Germany is burning coal again, Exxon knew of climate change 40 years ago, and net zero by 2050 is a pipe dream.
For an issue that will kill 250,000 people per year by 2030, and threaten at least a third of the world’s biodiversity — the alarm is alarmingly absent.
There’s no shortage of writers who bemoan the lack of climate action. But meaningful climate action is still being stymied by Senators like Joe Manchin who rake in oil and gas money.
In the meantime, the poorest countries that Europeans and Americans have exploited will suffer. Pakistan will be underwater. And the United States, with billions of dollars to improve climate resiliency, will be much better off. The injustice of a country using fossil fuels to power its rise and in the aftermath kill millions cannot be understated.
While we plunge off this cliff we don’t just have to wait to hit the bottom. There is a parachute: geoengineering. Just like how a volcano eruption can cool the planet we too can make the earth repel more of the sun’s rays.
The technology already exists; we could do it within years, but there’s a stigma.
This would be, after all, a world-altering project. Certain species acclimated to our now new climate would perish. New climate patterns would form, unlike what climate change has created. The ocean would still suffer from the excess carbon in the air. This isn’t a silver bullet. But with the choice between geoengineering and millions dying it’s not a hard one.
There are two technologies we should look at, Marine Cloud Brightening, and Stratospheric Aerosol Injection.

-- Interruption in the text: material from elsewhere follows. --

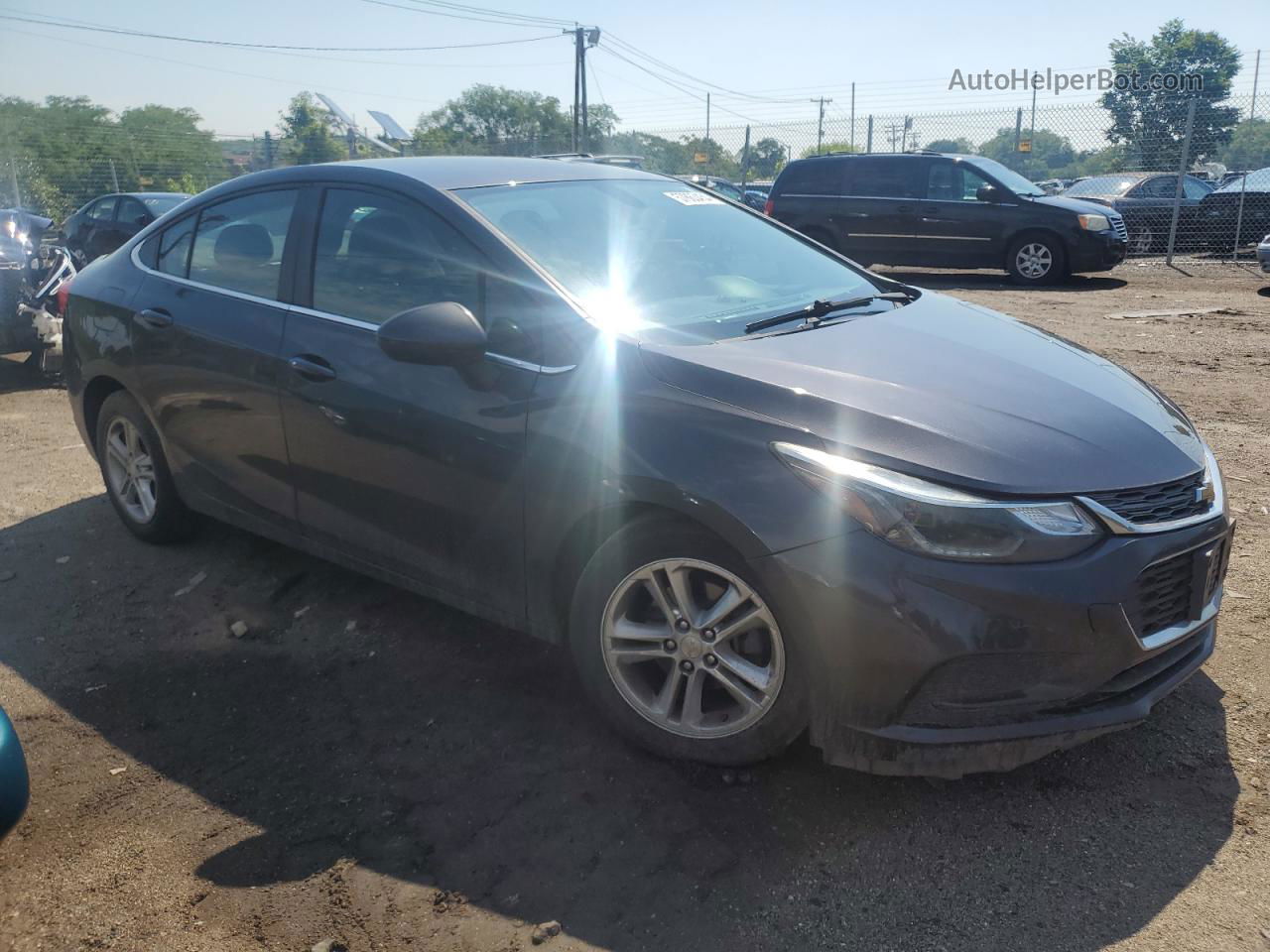 2017 Chevrolet Cruze Lt Gray vin: 1G1BE5SM0H7169518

Marine Cloud Brightening is the least risky of the two but could not alone halt the effects of climate change. It would call for a fleet of boats equipped with specialized nozzles that spray salt into the air. The small particles would reflect more light and make clouds brighter. Bright clouds mean less of the sun’s rays get trapped here on earth by greenhouse gases, thus less global warming.
The other technology, Stratospheric Aerosol Injection, would replicate what volcanoes do on a more precise level. Specially designed planes would fly high and distribute aerosols into the stratosphere regularly. The aerosols would stay in the sky for about a year before falling harmlessly back down to earth. The danger is perhaps that it may damage the ozone layer, so it should be studied more. But it has the potential to completely halt the effects of global warming immediately.

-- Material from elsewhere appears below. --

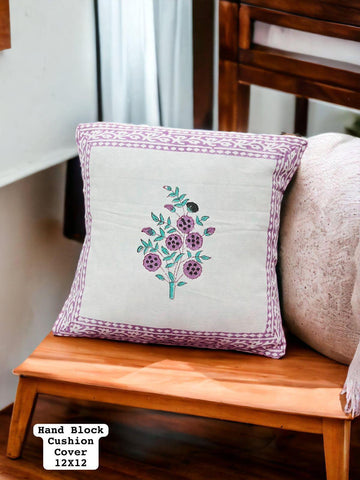 Hand Block Printed 100% Pure Cotton Cushion Covers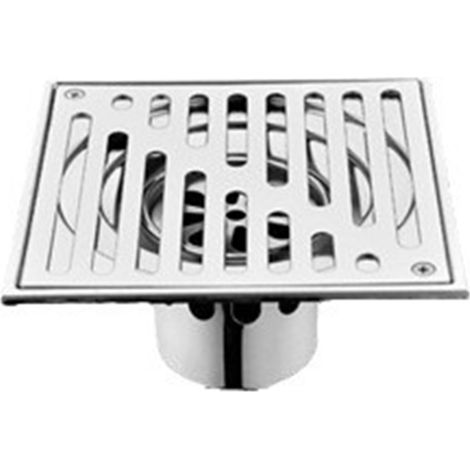 Siphon Sol Inox 110x110mm Anti Odeur Douche Grande Calibre (1/4)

Finally, it always seems to come down to the cost. Luckily, for those more fiscally minded, the cost of both those technologies comes out to $7.5 billion yearly. Compare that to the 23 trillion, with a T, climate change will have cost the economy in 2050.
The calculus should be clear, we know if we do nothing but continue this meager path of climate reduction millions will suffer. To stand by and watch is sick. It’s time for the nuclear option; or at the very least rapid development of it.